The Pittsburgh Steelers are now into the regular season, following the most unique offseason in the NFL since at least World War II. While it didn’t involve a player lockout, teams still did not have physical access to their players, though they were at least able to meet with them virtually.
Even training camp looked much different from the norm, and a big part of that was the fact that there will be no games along the way to prepare for. Their first football game of the year was to be the opener against the New York Giants.
As the season progresses, however, there will be a number of questions that arise on a daily basis, and we will do our best to try to raise attention to them as they come along, in an effort to both point them out and to create discussion
Questions like, how will the players who are in new positions this year going to perform? Will the rookies be able to contribute significantly? How will Ben Roethlisberger look—and the other quarterbacks as well? Now, we even have questions about whether or not players will be in quarantine.
These are the sorts of questions among many others that we have been exploring on a daily basis and will continue to do so. Football has become a year-round pastime and there is always a question to be asked, though there is rarely a concrete answer, as I’ve learned in my years of doing this.
Question: Is JuJu Smith-Schuster going to be featured more and more in the offense in the second half of the season?
Over the course of the past three weeks, a three-game road stretch, I might add, arguably nobody has been more important to the Steelers’ ability to win games on offense, short of Ben Roethlisberger, than JuJu Smith-Schuster, ‘old reliable’, who is nevertheless the second-youngest wide receiver on the roster behind rookie Chase Claypool.
While he clearly is not old, though, he does continue to prove reliable, and it seems as though, as the offense struggles, Roethlisberger is turning more and more to Smith-Schuster, the target with whom he has the most experience, to make the critical plays in the game that need to be made.
The fourth-year wide receiver caught six of seven passes from Big Ben yesterday for a season-high 93 yards, scoring a big touchdown from 31 yards out, on which he had to fight for the final eight or so, and which got them back in the game at that point.
The week before last, he caught seven passes for 67 yards, many of them key possession-down conversions.
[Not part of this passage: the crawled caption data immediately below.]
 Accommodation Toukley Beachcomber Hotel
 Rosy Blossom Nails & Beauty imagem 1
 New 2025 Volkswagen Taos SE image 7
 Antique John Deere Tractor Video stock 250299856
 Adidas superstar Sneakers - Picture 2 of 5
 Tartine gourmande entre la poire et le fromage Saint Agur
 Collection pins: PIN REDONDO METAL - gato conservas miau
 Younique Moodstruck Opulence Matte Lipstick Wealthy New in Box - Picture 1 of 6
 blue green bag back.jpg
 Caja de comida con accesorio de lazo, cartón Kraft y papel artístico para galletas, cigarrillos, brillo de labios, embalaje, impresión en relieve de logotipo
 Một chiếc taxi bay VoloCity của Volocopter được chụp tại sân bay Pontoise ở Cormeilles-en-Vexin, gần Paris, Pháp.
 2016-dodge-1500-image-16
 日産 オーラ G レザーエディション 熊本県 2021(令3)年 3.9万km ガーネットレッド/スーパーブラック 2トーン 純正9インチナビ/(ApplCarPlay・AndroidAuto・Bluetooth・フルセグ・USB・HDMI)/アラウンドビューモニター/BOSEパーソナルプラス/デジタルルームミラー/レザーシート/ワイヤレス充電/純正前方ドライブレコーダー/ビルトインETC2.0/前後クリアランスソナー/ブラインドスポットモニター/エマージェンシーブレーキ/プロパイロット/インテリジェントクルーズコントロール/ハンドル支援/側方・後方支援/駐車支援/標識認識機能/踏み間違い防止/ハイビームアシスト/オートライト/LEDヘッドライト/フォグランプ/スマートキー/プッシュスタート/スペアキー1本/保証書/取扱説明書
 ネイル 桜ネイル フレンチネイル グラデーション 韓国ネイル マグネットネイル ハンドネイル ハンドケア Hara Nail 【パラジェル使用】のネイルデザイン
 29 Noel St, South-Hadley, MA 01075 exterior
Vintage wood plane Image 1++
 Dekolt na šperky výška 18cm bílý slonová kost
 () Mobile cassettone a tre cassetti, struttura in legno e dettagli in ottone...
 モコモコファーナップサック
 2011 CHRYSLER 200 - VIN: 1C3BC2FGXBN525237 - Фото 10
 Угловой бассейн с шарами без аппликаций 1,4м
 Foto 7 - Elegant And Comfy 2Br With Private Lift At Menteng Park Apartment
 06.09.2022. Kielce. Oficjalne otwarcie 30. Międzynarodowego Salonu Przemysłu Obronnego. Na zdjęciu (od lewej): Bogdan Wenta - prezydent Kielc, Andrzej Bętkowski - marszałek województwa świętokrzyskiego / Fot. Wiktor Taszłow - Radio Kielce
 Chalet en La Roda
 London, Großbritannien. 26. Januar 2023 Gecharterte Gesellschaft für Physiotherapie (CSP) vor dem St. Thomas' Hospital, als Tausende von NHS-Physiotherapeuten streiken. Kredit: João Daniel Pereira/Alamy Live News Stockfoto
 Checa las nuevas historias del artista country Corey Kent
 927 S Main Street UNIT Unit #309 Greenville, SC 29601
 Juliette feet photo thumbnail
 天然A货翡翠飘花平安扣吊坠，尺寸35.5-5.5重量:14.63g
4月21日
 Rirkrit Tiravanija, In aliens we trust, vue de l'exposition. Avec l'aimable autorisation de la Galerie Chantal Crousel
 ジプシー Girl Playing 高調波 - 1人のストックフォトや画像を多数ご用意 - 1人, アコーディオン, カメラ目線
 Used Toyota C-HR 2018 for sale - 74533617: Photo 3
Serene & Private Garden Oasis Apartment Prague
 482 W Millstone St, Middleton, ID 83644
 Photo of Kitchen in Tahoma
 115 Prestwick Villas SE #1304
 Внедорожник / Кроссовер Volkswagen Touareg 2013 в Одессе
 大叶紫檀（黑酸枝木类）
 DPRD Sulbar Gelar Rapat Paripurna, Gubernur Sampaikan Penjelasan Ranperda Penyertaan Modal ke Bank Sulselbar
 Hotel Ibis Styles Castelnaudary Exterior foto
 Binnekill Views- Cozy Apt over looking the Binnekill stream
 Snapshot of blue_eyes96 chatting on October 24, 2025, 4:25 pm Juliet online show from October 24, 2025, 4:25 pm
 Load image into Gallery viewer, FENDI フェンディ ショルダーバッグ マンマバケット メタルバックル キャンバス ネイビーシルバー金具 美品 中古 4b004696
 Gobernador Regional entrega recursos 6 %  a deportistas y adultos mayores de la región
The week before that, he went nine for 85. Over his last three games, he has caught 22 passes for 245 yards and a touchdown. In the first five games, he did score three times, but had just 23 receptions for 194 yards.
Roethlisberger has been breaking in Diontae Johnson, Claypool, and Eric Ebron over the course of much of the season, but now the ball is going back more and more to the sure thing. I’m not sure this is coincidental, especially with the emphasis coming in the second half.